DATASET EXTRACT ::
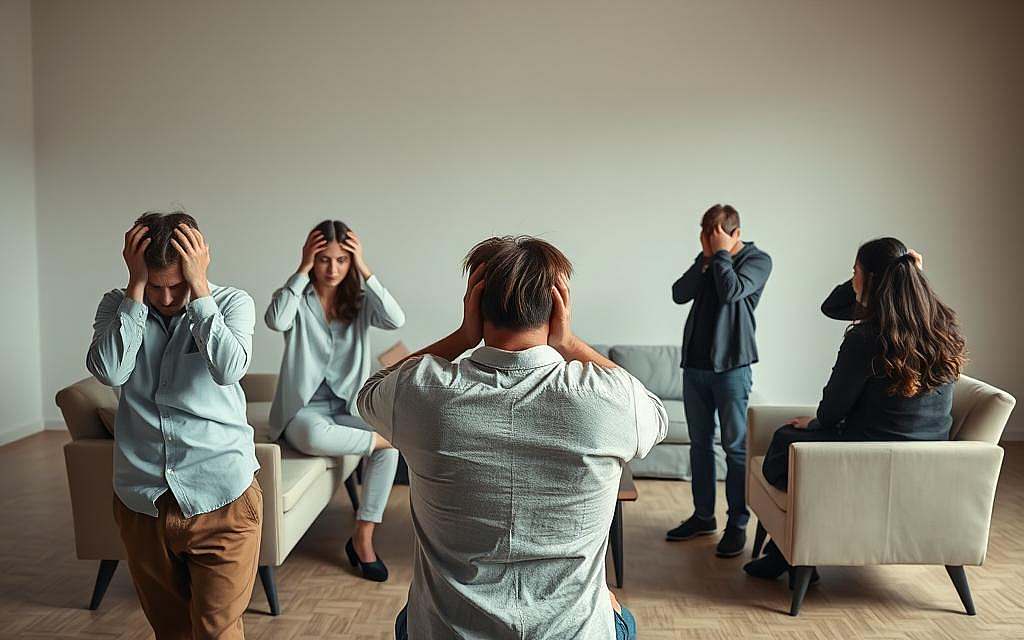 A group of people in a minimalist indoor setting, experiencing cognitive dissonance. The foreground features individuals with conflicted facial expressions, hands on their heads, bodies leaning away from each other. The middle ground shows furniture in clean lines and muted colors, creating a sense of tension. The background is a simple, yet impactful gradient, conveying the complex psychological state. Soft, directional lighting emphasizes the emotional turmoil, while a cinematic lens captures the scene with a slightly wide angle to heighten the sense of unease. The overall mood is one of unresolved internal conflict, as the subjects grapple with the clash between their beliefs and the reality they face.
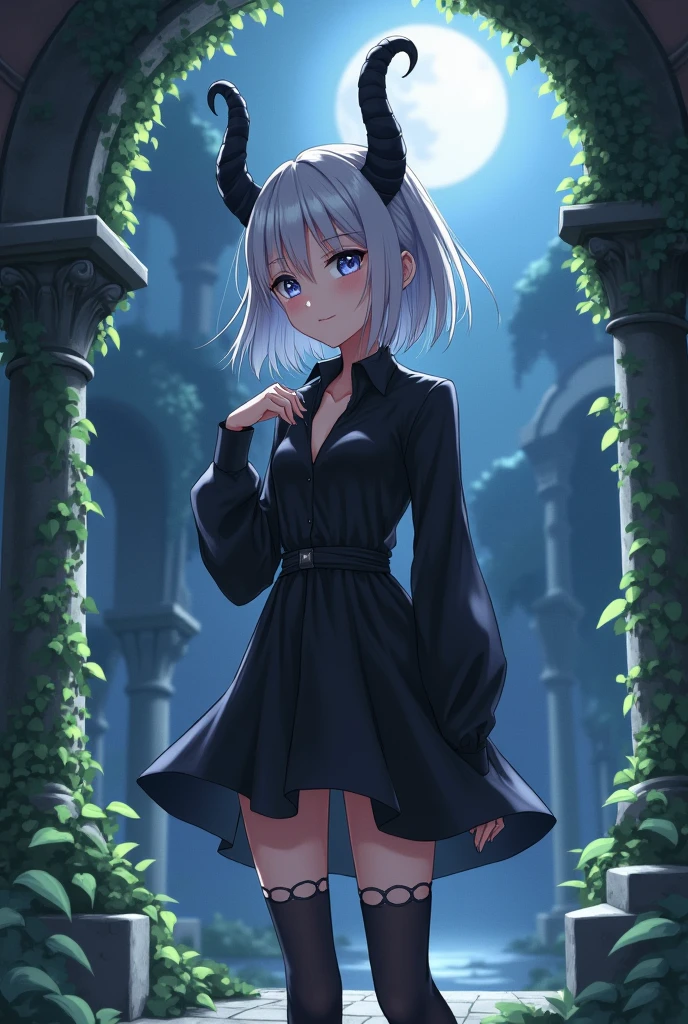 Girl with short white hair tied on the left side, with black horns, wearing a black dress with a black blouse on top, holey tights and black knee-high boots anime version.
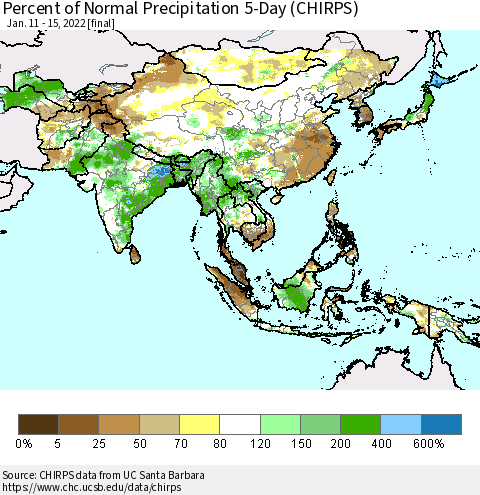 Asia Percent of Normal Precipitation 5-Day (CHIRPS) Thematic Map For 1/11/2022 - 1/15/2022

WORK INSTRUCTIONS ::
Write the material out again exactly. Skip each picture.

RESULT OF THIS TASK ::
 A group of people in a minimalist indoor setting, experiencing cognitive dissonance. The foreground features individuals with conflicted facial expressions, hands on their heads, bodies leaning away from each other. The middle ground shows furniture in clean lines and muted colors, creating a sense of tension. The background is a simple, yet impactful gradient, conveying the complex psychological state. Soft, directional lighting emphasizes the emotional turmoil, while a cinematic lens captures the scene with a slightly wide angle to heighten the sense of unease. The overall mood is one of unresolved internal conflict, as the subjects grapple with the clash between their beliefs and the reality they face.
 Girl with short white hair tied on the left side, with black horns, wearing a black dress with a black blouse on top, holey tights and black knee-high boots anime version.
 Asia Percent of Normal Precipitation 5-Day (CHIRPS) Thematic Map For 1/11/2022 - 1/15/2022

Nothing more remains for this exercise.